Para o economista, a dependência brasileira do mercado americano no setor exportador é significativamente menor quando comparada à de outros parceiros comerciais. Ele ressalta que as tarifas incidem sobre um volume relativamente pequeno das exportações brasileiras, representando também uma fração ínfima do Produto Interno Bruto (PIB) do país. Essa situação contrasta com a de nações como México, China, Taiwan, Vietnã e Alemanha, que enfrentam um impacto muito mais expressivo devido à sua maior exposição ao mercado norte-americano.
O impacto estimado para o Brasil em termos de exportações potencialmente afetadas pelas novas tarifas é de aproximadamente US$ 6 bilhões. Este valor corresponde a cerca de 1,7% do total das exportações brasileiras e a apenas 0,22% do PIB nominal do país. Troyjo considera essa estimativa como conservadora, uma vez que outros grandes exportadores ainda podem enfrentar investigações comerciais adicionais. Caso novas sobretaxas sejam implementadas, a diferença de impacto em relação ao Brasil tende a se ampliar ainda mais.

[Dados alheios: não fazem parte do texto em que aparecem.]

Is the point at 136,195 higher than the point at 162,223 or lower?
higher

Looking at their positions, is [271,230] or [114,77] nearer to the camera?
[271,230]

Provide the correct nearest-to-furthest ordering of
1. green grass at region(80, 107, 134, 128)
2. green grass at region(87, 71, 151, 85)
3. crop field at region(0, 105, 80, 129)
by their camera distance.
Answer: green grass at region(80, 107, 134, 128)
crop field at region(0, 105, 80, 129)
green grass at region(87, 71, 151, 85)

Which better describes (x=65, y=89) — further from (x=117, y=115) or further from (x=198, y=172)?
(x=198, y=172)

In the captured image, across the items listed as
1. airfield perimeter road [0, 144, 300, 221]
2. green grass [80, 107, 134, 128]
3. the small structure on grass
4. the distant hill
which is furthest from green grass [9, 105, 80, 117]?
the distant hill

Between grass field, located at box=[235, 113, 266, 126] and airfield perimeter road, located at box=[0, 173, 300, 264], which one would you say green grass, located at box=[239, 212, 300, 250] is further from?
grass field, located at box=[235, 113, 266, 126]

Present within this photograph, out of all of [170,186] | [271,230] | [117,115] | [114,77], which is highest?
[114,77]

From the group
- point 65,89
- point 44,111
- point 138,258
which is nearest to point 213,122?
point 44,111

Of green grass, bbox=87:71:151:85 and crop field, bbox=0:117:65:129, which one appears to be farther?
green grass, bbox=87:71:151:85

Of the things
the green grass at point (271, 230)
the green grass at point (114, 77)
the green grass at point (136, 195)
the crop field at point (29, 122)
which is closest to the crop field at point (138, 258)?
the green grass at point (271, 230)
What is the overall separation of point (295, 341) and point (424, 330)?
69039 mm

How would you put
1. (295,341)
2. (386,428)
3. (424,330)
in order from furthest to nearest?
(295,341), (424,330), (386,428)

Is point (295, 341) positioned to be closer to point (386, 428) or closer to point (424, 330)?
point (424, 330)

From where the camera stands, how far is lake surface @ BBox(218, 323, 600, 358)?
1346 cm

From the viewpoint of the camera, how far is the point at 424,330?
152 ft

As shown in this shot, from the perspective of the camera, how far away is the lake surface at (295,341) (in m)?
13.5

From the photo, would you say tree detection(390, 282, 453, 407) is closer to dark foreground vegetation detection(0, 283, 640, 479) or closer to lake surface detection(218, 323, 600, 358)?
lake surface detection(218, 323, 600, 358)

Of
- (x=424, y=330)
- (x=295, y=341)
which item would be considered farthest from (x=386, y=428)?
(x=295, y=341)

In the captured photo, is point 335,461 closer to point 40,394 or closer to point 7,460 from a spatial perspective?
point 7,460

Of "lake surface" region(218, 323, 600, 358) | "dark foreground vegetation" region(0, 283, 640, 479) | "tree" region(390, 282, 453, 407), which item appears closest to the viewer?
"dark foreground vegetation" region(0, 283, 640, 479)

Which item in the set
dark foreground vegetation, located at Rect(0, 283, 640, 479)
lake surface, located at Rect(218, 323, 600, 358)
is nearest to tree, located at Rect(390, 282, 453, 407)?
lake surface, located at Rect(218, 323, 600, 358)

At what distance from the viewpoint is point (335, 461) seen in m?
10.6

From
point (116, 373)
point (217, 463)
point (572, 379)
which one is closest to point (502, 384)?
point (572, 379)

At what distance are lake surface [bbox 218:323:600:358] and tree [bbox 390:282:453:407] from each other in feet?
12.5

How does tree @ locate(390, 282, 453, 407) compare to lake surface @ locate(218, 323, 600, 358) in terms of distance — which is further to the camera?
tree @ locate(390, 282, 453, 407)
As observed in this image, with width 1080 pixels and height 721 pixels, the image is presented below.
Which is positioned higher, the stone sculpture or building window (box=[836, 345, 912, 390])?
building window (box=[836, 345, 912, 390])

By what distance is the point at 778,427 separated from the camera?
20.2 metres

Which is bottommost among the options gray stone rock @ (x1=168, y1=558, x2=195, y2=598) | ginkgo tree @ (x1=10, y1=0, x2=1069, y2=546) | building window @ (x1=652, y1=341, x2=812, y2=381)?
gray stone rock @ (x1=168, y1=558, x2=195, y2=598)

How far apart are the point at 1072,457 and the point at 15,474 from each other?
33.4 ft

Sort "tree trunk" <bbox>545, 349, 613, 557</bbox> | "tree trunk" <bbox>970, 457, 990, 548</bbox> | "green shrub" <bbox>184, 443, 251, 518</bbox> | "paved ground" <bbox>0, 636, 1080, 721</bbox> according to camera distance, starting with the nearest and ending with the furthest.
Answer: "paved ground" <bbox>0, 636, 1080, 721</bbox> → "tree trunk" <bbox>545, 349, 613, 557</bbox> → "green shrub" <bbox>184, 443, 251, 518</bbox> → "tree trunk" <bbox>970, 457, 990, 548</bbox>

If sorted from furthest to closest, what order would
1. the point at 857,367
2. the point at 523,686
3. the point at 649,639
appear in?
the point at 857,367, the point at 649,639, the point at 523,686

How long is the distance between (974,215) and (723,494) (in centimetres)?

Dados consolidados apontam que, em 2025, o Brasil ocupou a 17ª posição entre os maiores fornecedores dos EUA, com exportações totalizando US$ 39,9 bilhões, o que representou 1,2% das importações norte-americanas. No período de janeiro a maio de 2026, o país manteve a 17ª colocação, com US$ 13,9 bilhões exportados, correspondendo a aproximadamente 1% das importações dos EUA. Atualmente, os Estados Unidos são o segundo maior parceiro comercial do Brasil, respondendo por 11,1% da corrente de comércio nacional no primeiro semestre de 2026, embora a China lidere com quase 30%.